Current liabilities are typically paid off using current assets, which include accounts receivables or cash. Determining the ratio between current assets and current liabilities reveals the company's ability to settle its debts.
The company's accounts payable makes up one of the biggest parts of current liabilities on the balance sheet. It accounts for unpaid supplier invoices. A good running business sets its accounts receivable due date in such a way that receivables are collected before the supplier due date.
In a situation where the supplier gives 60 days payment terms, the company would set its customer's payment terms to 30 days. It is possible to also settle current liabilities by creating another short-term liability.
Examples of current liabilities that appear on the balance sheet include:
- Dividends payable
- Accounts payable
- Income taxes that the company owes in that year
- Short-term debt like commercial paper or bank loans
- Interest applicable on outstanding debts
- Current maturities of long-term debt
- Notes payable
Some businesses maintain an account called other current liabilities. This is a catch-all line for incorporating other liabilities that are to be settled in the year but not classified elsewhere. Current liabilities are not constant. Instead, they vary widely depending on industry and government regulations.
The current ratio is a measure of a company's ability to pay its short-term financial obligations or debts. The formula for the current ratio is current assets / current liabilities. Investors use this ratio to gauge sufficient current assets on its balance sheet that can offset current debt and other accounts payables.
A related calculation, quick ratio, reveals the liquidity of a company in a more conservative approach. It is the same as the current ratio but subtracts the value of total inventories beforehand.
As the name suggests, these are liabilities that the company has more than one year to settle. They include:
- Interest and principal on bonds issued.
- There is also pension fund liability, which is the money that the organization is supposed to pay into employees' retirement accounts.
- Deferred tax liability is the accrued amount that does not have to be paid within the year.
There are some liabilities that may be classified as off the balance sheet. These do not appear on the balance sheet.
3. Shareholder Equity
Shareholder equity refers to the money that belongs to business owners or shareholders. The other term used is net assets because shareholder equity is calculated as total company assets, fewer liabilities, or the debts that the company owes.
Shareholder equity is an important metric that analysts and investors can count upon to make better investment decisions. It forms the basis for determining the value of company-related financial ratios.
Shareholder equity = total assets – total liabilities
Details about shareholder equity are available on the balance sheet.
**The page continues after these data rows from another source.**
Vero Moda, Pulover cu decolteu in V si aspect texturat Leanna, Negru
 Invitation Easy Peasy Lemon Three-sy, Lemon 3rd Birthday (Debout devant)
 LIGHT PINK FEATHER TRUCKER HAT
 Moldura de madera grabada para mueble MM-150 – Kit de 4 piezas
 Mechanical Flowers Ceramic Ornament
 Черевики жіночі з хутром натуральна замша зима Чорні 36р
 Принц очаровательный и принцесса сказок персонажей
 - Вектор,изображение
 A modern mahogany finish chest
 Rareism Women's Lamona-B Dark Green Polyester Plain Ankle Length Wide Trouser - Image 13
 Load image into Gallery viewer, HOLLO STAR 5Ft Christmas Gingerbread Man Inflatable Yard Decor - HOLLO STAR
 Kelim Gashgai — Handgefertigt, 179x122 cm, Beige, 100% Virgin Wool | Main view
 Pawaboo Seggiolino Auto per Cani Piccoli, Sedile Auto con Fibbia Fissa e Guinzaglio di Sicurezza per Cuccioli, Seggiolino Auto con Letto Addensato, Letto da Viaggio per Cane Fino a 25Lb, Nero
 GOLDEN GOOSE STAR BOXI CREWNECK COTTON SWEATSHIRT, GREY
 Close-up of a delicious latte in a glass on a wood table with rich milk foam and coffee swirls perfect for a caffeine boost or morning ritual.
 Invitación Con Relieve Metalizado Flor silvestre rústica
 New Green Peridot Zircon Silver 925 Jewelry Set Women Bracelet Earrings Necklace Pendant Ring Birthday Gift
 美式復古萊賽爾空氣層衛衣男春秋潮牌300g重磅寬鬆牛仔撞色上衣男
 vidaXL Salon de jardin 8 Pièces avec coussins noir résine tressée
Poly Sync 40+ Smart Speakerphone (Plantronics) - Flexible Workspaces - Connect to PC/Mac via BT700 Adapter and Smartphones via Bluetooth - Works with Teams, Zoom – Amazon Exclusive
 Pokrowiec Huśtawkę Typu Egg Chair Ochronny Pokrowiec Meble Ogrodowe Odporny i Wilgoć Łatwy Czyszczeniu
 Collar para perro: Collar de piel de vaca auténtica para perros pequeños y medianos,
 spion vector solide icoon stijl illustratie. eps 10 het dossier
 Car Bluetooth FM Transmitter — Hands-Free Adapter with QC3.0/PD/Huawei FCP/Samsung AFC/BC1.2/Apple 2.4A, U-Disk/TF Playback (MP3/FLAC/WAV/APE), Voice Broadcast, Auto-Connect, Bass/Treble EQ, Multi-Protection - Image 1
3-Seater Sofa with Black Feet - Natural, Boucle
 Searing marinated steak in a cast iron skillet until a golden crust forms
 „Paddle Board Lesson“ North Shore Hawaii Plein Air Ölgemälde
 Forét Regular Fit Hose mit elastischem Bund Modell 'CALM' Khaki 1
Retained earnings are the money that the company keeps to reinvest in the business and settle its debt. The amount that remains thereafter is shared with the shareholders in the form of dividends.
The balance sheet is an important metric for companies of all sizes, large or small. It is a useful tool for determining risk, information that investors can use to make better decisions while business owners get to see the firm's exposure. With a single glance at the balance sheet, you get to see what the company owns against what it owes. You can tell whether the company has sufficient funds at hand to meet its short-term demands.